En el ámbito de los efectos económicos, el texto subraya correctamente la importancia del transporte ferroviario para la integración del mercado interno y el desarrollo, particularmente en el caso de las zonas más alejadas del territorio, así como su impulso a las exportaciones de salitre en el norte del país. En este aspecto, sin embargo, encuentro cierta ambivalencia en el tratamiento del problema. Por un lado se afirma, correctamente desde mi punto de vista, que "el salitre tuvo una potencia transformadora mucho mayor [...], porque aceleró la transición y los cambios al capitalismo" y, por el otro, casi de inmediato, se asegura que "el vínculo que estableció el salitre durante medio siglo (18801930) con el resto de la economía fue de tipo fiscal y con el sector industrial fue muy débil, siendo el ejemplo clásico de la llamada 'economía de enclave' [...] Fue un enclave abierto que lentamente se fue integrando con algunos circuitos de la economía doméstica" (p. 154).
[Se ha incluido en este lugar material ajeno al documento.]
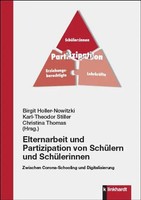 Elternarbeit Und Partizipation Von SchüLern Und SchüLerinnen | Deutsch | Buch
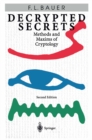 Decrypted Secrets : Methods and Maxims of Cryptology - eBook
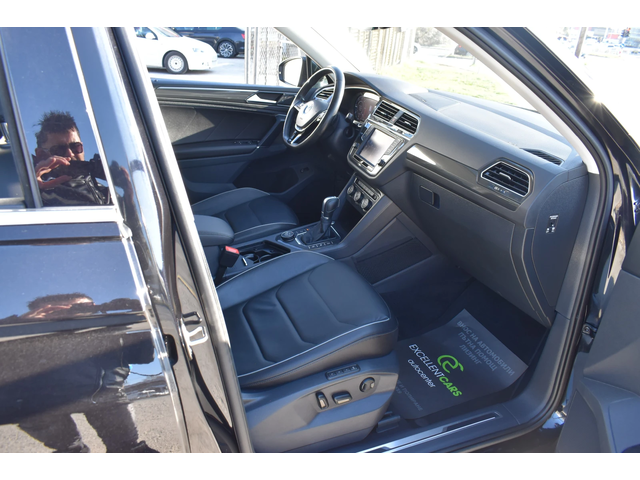 VW Tiguan 2.0ТDI* 190H.P* FULL- - автомобили, коли, обяви за нови и употребявани 10
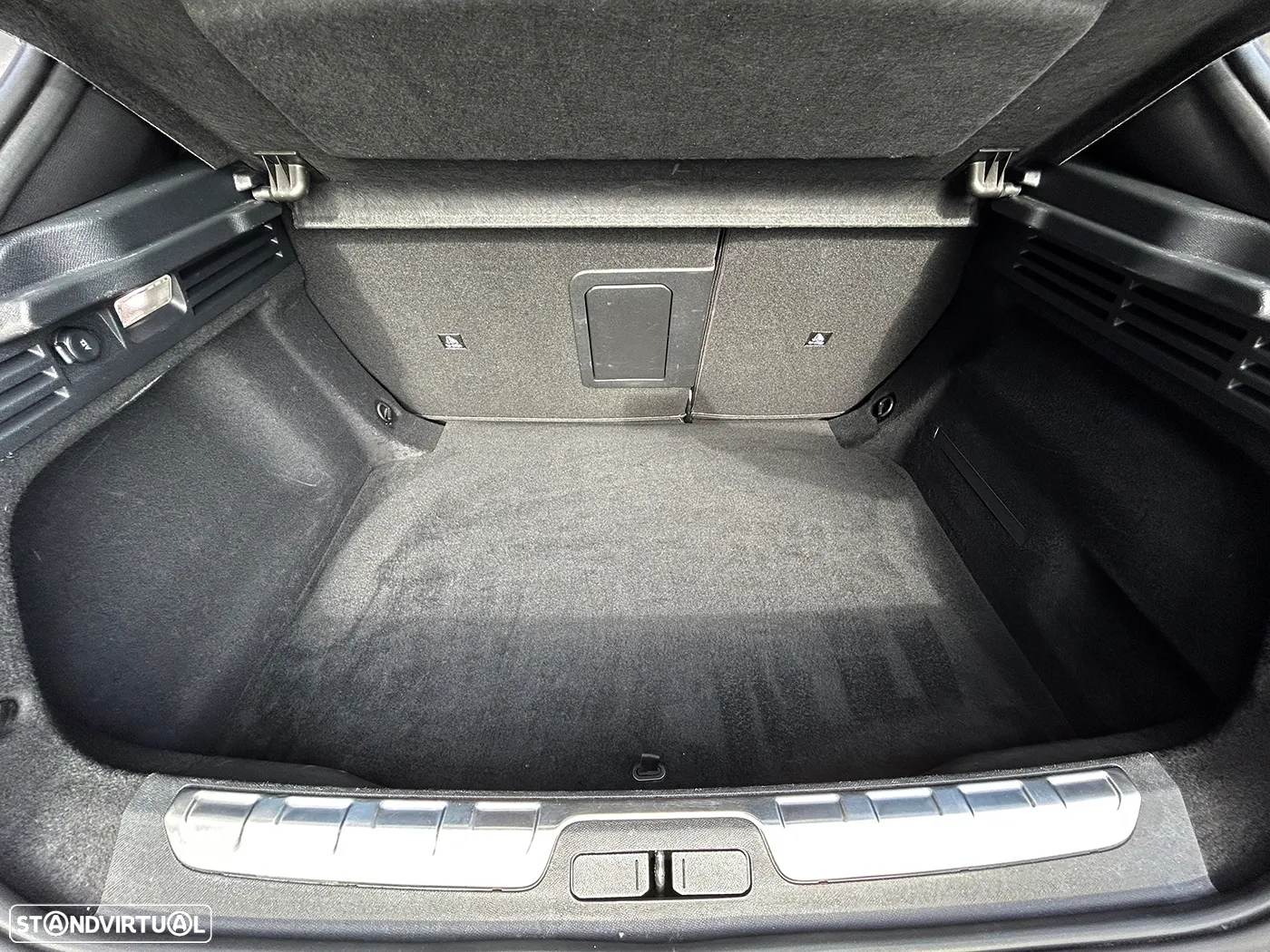 DS DS4 4 1.2 PureTech Performance Line EAT8 - 47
Más allá de los rasgos concretos de esta actividad exportadora y de la manera en que se valore su contribución a la economía, resulta difícil conciliar ambas afirmaciones. En cualquier caso, me queda la impresión de que la contribución de una actividad productiva capaz de acelerar la transición al capitalismo rebasa de muchas maneras las limitaciones que pueda representar la contribución fiscal o la débil vinculación con la industria, involucrando movimientos de población, proletarización, dinamización de los mercados regionales, incorporación de tecnología y otros elementos capaces de realizar el cambio hacia el crecimiento económico moderno.
Estas son tan sólo algunas de las pistas de lectura que traza el libro que reseñamos. En realidad, ya sea que el interés del lector sea Chile, Latinoamérica, los ferrocarriles o el papel del Estado en la actividad económica durante la era del liberalismo, se trata de una obra que aporta elementos para una discusión mucho más amplia de la que el título permite vislumbrar.